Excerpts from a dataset

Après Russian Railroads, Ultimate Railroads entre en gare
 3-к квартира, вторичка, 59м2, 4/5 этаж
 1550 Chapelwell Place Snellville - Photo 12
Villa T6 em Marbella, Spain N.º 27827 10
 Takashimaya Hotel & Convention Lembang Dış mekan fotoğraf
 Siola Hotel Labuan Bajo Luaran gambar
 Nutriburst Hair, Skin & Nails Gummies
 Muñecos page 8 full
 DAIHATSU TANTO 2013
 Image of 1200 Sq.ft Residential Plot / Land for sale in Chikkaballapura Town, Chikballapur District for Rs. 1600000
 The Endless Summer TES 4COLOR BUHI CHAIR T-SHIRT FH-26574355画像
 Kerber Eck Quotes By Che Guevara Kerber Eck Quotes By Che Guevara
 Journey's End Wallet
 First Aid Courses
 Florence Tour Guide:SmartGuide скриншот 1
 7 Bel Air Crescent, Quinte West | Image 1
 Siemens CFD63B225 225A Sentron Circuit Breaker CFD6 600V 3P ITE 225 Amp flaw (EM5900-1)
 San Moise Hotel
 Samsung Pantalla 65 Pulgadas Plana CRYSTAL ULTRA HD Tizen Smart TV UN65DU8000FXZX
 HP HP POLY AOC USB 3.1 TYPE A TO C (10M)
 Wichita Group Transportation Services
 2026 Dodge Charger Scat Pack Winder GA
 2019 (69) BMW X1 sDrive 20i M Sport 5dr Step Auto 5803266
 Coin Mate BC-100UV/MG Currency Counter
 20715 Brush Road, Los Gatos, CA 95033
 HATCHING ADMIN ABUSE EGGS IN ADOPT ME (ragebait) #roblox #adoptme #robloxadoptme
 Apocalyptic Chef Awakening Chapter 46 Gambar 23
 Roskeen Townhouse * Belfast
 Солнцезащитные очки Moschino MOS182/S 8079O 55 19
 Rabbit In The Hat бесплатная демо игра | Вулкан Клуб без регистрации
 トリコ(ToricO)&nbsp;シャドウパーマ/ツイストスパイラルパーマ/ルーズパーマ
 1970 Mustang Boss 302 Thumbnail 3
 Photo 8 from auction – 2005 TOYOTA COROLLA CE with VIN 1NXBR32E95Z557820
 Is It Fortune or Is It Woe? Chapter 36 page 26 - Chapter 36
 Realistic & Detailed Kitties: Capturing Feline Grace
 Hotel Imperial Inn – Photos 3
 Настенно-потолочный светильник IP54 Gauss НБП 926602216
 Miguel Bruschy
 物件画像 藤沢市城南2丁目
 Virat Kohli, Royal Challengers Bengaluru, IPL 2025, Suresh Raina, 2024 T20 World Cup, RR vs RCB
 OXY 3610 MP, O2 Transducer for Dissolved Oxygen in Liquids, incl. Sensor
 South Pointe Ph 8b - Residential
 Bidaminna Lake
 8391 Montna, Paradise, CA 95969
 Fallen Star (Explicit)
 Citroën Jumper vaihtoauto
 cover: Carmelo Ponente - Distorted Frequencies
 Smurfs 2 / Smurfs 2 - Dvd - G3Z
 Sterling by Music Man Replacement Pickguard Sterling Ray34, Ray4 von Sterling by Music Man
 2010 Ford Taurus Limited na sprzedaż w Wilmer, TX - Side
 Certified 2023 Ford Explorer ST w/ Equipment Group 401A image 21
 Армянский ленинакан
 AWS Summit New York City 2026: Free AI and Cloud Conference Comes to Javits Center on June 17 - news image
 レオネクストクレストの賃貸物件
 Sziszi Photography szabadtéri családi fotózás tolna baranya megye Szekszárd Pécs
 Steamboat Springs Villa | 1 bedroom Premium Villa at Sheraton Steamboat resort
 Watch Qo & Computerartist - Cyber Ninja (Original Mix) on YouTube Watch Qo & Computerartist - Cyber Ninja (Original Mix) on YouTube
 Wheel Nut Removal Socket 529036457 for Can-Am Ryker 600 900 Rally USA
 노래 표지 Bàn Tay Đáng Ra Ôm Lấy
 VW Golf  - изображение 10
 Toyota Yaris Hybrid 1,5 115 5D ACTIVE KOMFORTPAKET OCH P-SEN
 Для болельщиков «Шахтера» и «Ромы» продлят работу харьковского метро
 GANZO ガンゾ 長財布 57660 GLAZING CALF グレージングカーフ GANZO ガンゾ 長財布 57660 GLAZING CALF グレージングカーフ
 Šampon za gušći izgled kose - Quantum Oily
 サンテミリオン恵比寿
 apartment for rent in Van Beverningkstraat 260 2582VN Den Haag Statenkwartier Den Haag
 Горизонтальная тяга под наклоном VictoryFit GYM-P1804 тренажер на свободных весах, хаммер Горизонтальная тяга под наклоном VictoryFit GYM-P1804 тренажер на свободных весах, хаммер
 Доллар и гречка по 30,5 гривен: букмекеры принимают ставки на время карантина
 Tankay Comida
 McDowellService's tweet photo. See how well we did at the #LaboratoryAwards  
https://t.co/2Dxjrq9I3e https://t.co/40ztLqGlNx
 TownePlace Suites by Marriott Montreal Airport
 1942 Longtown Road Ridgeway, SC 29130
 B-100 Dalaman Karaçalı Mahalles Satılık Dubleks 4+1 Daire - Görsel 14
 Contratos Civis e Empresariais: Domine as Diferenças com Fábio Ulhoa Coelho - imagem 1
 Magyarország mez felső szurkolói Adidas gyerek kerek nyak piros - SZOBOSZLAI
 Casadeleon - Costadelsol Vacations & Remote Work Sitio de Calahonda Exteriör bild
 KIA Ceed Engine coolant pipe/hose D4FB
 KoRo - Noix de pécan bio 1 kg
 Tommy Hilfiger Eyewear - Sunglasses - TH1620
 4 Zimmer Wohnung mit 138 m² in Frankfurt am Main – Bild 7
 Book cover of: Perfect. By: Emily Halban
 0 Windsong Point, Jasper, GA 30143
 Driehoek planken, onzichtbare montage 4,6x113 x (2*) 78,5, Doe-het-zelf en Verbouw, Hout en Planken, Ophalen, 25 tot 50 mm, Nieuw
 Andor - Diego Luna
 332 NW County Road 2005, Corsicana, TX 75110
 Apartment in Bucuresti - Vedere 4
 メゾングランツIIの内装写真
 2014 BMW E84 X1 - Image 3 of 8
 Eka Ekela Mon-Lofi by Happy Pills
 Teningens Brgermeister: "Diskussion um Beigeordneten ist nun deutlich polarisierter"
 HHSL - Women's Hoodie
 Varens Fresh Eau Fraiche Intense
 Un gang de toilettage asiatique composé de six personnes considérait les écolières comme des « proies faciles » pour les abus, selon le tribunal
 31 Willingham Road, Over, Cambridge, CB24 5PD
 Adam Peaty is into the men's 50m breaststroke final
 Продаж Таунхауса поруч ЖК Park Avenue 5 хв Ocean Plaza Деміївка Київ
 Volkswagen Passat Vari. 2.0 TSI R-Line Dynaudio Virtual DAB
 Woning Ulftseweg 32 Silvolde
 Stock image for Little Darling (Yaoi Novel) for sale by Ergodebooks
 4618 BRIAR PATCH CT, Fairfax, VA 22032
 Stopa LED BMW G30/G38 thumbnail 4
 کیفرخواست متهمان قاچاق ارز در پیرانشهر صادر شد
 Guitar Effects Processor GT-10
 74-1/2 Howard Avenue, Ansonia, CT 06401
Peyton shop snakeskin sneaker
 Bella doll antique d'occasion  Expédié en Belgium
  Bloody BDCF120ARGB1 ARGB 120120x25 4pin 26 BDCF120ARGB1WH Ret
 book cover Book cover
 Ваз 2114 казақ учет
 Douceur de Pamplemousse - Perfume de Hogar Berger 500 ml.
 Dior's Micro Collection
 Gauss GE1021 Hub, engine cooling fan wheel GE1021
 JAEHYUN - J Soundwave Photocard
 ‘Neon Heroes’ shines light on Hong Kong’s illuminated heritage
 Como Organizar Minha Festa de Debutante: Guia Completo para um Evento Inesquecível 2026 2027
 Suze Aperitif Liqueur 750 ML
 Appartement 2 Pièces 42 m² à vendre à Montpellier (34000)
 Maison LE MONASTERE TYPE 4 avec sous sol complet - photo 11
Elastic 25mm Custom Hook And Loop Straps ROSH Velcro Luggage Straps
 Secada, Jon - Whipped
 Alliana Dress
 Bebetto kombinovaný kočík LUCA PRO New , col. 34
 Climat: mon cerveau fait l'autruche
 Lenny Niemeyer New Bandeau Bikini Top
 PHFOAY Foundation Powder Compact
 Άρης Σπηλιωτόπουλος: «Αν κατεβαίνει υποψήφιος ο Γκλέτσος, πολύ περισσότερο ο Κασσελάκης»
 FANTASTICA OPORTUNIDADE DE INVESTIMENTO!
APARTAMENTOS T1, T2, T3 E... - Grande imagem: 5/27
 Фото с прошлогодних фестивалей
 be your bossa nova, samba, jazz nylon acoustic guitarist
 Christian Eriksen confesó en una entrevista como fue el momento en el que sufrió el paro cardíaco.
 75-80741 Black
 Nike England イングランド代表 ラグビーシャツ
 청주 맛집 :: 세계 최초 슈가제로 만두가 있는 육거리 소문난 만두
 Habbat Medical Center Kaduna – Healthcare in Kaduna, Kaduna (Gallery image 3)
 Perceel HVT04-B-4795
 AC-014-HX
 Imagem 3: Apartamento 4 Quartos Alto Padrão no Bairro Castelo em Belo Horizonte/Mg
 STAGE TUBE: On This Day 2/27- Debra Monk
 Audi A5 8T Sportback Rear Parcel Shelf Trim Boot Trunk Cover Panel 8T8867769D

Task details
In the data above, which lines lie between the line with "Roskeen Townhouse * Belfast" and the line with "весах, хаммер Горизонтальная", inclusive? Print those lines exactly and nothing else.

Task solution
 Roskeen Townhouse * Belfast
 Солнцезащитные очки Moschino MOS182/S 8079O 55 19
 Rabbit In The Hat бесплатная демо игра | Вулкан Клуб без регистрации
 トリコ(ToricO)&nbsp;シャドウパーマ/ツイストスパイラルパーマ/ルーズパーマ
 1970 Mustang Boss 302 Thumbnail 3
 Photo 8 from auction – 2005 TOYOTA COROLLA CE with VIN 1NXBR32E95Z557820
 Is It Fortune or Is It Woe? Chapter 36 page 26 - Chapter 36
 Realistic & Detailed Kitties: Capturing Feline Grace
 Hotel Imperial Inn – Photos 3
 Настенно-потолочный светильник IP54 Gauss НБП 926602216
 Miguel Bruschy
 物件画像 藤沢市城南2丁目
 Virat Kohli, Royal Challengers Bengaluru, IPL 2025, Suresh Raina, 2024 T20 World Cup, RR vs RCB
 OXY 3610 MP, O2 Transducer for Dissolved Oxygen in Liquids, incl. Sensor
 South Pointe Ph 8b - Residential
 Bidaminna Lake
 8391 Montna, Paradise, CA 95969
 Fallen Star (Explicit)
 Citroën Jumper vaihtoauto
 cover: Carmelo Ponente - Distorted Frequencies
 Smurfs 2 / Smurfs 2 - Dvd - G3Z
 Sterling by Music Man Replacement Pickguard Sterling Ray34, Ray4 von Sterling by Music Man
 2010 Ford Taurus Limited na sprzedaż w Wilmer, TX - Side
 Certified 2023 Ford Explorer ST w/ Equipment Group 401A image 21
 Армянский ленинакан
 AWS Summit New York City 2026: Free AI and Cloud Conference Comes to Javits Center on June 17 - news image
 レオネクストクレストの賃貸物件
 Sziszi Photography szabadtéri családi fotózás tolna baranya megye Szekszárd Pécs
 Steamboat Springs Villa | 1 bedroom Premium Villa at Sheraton Steamboat resort
 Watch Qo & Computerartist - Cyber Ninja (Original Mix) on YouTube Watch Qo & Computerartist - Cyber Ninja (Original Mix) on YouTube
 Wheel Nut Removal Socket 529036457 for Can-Am Ryker 600 900 Rally USA
 노래 표지 Bàn Tay Đáng Ra Ôm Lấy
 VW Golf  - изображение 10
 Toyota Yaris Hybrid 1,5 115 5D ACTIVE KOMFORTPAKET OCH P-SEN
 Для болельщиков «Шахтера» и «Ромы» продлят работу харьковского метро
 GANZO ガンゾ 長財布 57660 GLAZING CALF グレージングカーフ GANZO ガンゾ 長財布 57660 GLAZING CALF グレージングカーフ
 Šampon za gušći izgled kose - Quantum Oily
 サンテミリオン恵比寿
 apartment for rent in Van Beverningkstraat 260 2582VN Den Haag Statenkwartier Den Haag
 Горизонтальная тяга под наклоном VictoryFit GYM-P1804 тренажер на свободных весах, хаммер Горизонтальная тяга под наклоном VictoryFit GYM-P1804 тренажер на свободных весах, хаммер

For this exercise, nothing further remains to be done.